╭──

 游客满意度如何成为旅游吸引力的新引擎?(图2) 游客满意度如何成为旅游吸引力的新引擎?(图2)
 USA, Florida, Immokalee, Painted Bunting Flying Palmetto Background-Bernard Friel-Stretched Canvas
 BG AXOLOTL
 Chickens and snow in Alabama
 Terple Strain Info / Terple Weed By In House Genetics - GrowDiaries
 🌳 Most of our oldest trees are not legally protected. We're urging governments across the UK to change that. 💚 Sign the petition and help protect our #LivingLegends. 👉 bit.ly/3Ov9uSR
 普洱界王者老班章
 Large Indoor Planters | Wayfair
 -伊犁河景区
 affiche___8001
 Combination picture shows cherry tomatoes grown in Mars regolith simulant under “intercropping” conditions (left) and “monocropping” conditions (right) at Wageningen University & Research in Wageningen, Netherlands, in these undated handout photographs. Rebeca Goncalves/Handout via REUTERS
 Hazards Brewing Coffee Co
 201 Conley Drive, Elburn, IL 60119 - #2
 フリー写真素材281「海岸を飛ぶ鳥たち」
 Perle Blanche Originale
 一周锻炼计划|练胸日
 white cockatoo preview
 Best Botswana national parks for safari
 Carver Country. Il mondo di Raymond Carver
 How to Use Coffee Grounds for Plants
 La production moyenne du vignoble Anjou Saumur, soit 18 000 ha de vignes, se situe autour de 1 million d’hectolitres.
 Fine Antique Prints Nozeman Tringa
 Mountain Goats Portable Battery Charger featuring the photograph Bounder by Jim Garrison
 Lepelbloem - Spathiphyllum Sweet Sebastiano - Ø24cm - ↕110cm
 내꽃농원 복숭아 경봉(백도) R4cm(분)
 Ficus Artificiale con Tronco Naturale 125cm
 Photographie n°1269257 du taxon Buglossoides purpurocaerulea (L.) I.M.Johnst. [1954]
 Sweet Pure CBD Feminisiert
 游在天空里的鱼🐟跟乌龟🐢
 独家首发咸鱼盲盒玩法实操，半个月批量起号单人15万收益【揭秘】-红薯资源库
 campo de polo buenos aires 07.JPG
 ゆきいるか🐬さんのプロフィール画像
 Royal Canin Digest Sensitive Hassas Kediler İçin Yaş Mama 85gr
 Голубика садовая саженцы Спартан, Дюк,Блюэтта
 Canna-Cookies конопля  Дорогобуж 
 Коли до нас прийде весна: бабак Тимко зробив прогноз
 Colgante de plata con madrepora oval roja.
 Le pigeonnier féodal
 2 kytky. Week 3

╰──

### Your task
Scan the listing above and report how many of its lines hold the word "Coffee", giving the number only.

### Response for this exercise
2